Nismo Club Wed, 23 Nov 2022 15:17:05 +0000 en-US hourly 1 Nismo Club 32 32 Boston research center creates model to preserve history Wed, 23 Nov 2022 15:17:05 +0000

The corner of Massachusetts and Columbus Avenues was once something more than flat land. It used to be more than just another in a long list of mixed-use development sites with condos in Boston.

For South End residents, it was the Harriet Tubman House. Founded in the early 20th century as a stand-alone space for and by black women on Holyoke Street, in 1975 it became a community center run by United South End Settlements until it was sold in 2019 to help to keep the organization afloat. Eventually it was demolished.

The house was an integral part of Boston’s black community, but its centuries-old history — the kind not told in museums or textbooks — was also in danger of being lost with demolition. Fortunately, the building’s history and the memories of the community were saved thanks to the hard work of the residents who came together under the I Am Harriet coalition, USES itself, and the resources and ingenuity of the Boston Research Center.

Students pose for the camera during an after-school computer lesson at Harriett Tubman House, a community center in the South End which has since been demolished. United South End Settlements records (M126), Northeastern University Library, Archives and Special Collections

Through a unique collaboration between the Northeastern University Library, the Boston Public Library, and community organizers and leaders, the BRC created the Harriet Tubman House Memory Project to help digitally preserve and tell the story of not only the site, but also of the community that existed around him. And the South End isn’t the only Boston community that has been able to work with the BRC to tell its story. The BRC has worked with community groups in East Boston and Chinatown to create hubs of innovative local history archival projects.

“The archives of the rich and powerful, the institutional archives, the places with resources and power, tend to be preserved – that’s how it is forever,” says Dan Cohen, dean of libraries and vice provost for information collaboration at Northeastern. “For the first time, we are able to rectify the gaps, the really unfortunate gaps, that occur in historic preservation and access because we have a better view of what is important to save. …And we have new ways to make sure we can help expand access to the world so that everyone can have access to these materials.

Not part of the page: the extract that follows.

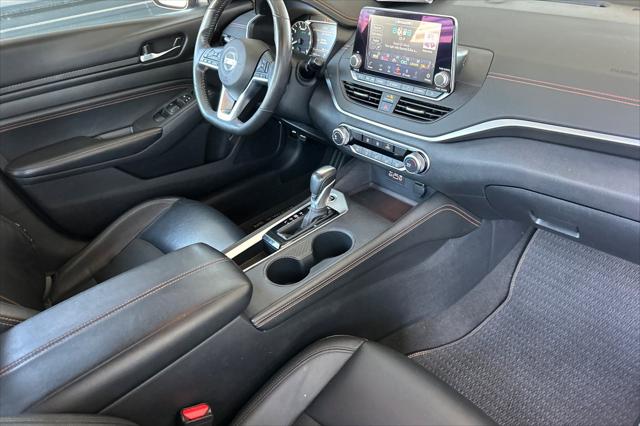 2022 Nissan Altima SR FWD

The project began as a collaboration between the Northeast Archives and Special Collections and the Digital Scholarship Group and the BPL. Dory Klein, community history and digitization specialist at BPL, says this kind of partnership between public and private libraries is not abnormal, “but it doesn’t happen as frequently as it should.”

For Northeastern, the partnership amplifies the reach of the university’s archives, which focus on the history of Boston’s underrepresented communities, through more than two dozen BPL branch libraries. For BPL, this is an opportunity to build web-based projects that would have been impossible without Northeastern’s digital expertise and infrastructure.